After doing some follow up with the actual paper, it appears that 2,771 of those people had Facebook to begin with, 1,331 people actually enrolled in the study, and 1,191 were able to link their Facebook account to the software the researchers needed. So basically the sample size the study was actually done on is about a third of the initially reported value.
While this wasn’t necessarily deceptive, it did strike me as a bit odd. The 3,500 number is one of the least relevant numbers in that whole list. It’s useful to know that there might have been some selection bias going on with the folks who opted out, but that’s hard to see if you don’t report the final number. Other than serving as a selection bias check though (which the authors did do), 63% of the participants had no link sharing data collected on them, and thus are irrelevant to the conclusions reported. I assumed at first that reporters were getting this number from the authors, but it doesn’t seem like that’s the case. The number 3,500 isn’t in the abstract. The press release uses the 1,300 number. From what I can tell, the 3,500 number is only mentioned by itself in the first data and methods section, before the results and “Facebook profile data” section clarify how the interesting part of the study was done. That’s where they clarify that 65% of the potential sample wasn’t eligible or opted out.

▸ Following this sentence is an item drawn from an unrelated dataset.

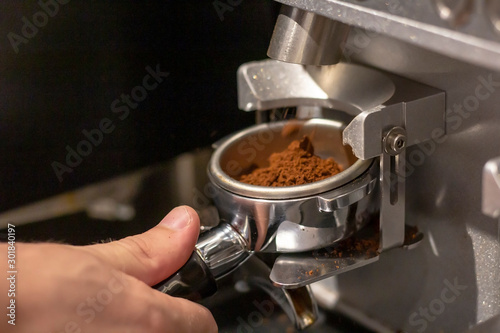 Male bartender on the workplace. Closeup image of male hands while making coffee using coffeegrinder and coffeemachine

This was not a limited way of reporting things though, as even the New York Times went with the 3,500 number. Weirdly enough, the Guardian used the number 1,775, which I can’t find anywhere. Anyway, here’s my new definition:
Reporting the high water mark: A newspaper report about a study that uses the sample size of potential subjects the researchers started with, as opposed the sample size for the study they subsequently report on.

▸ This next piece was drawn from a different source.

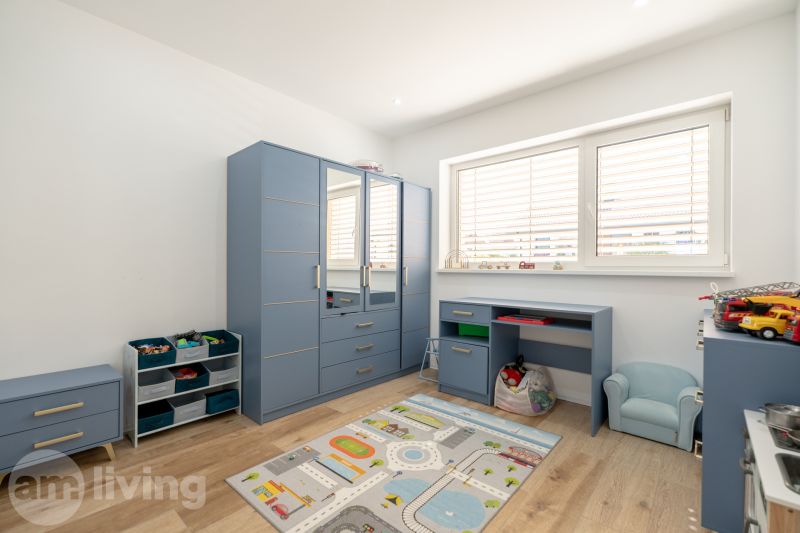 Children's room with blue furniture and a wooden decor floor in a family house.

I originally went looking for this sample size because I always get curious how many 65+ plus people were included in this study. Interestingly, I couldn’t actually find the raw number in the paper. This strikes me as important because if older people are online in smaller numbers thank younger ones, the overall number of fake stories might be larger among younger people.
I should note that I don’t actually think the study is wrong. When I went looking in the supplementary table, I noted that the authors mentioned that the most commonly shared type of fake news article was actually fake crime articles. At least in my social circle, I have almost always seen those shared by older people rather than younger ones.
Still, I would feel better if the relevant sample size were reported first, rather than the biggest number the researchers looked at throughout the study.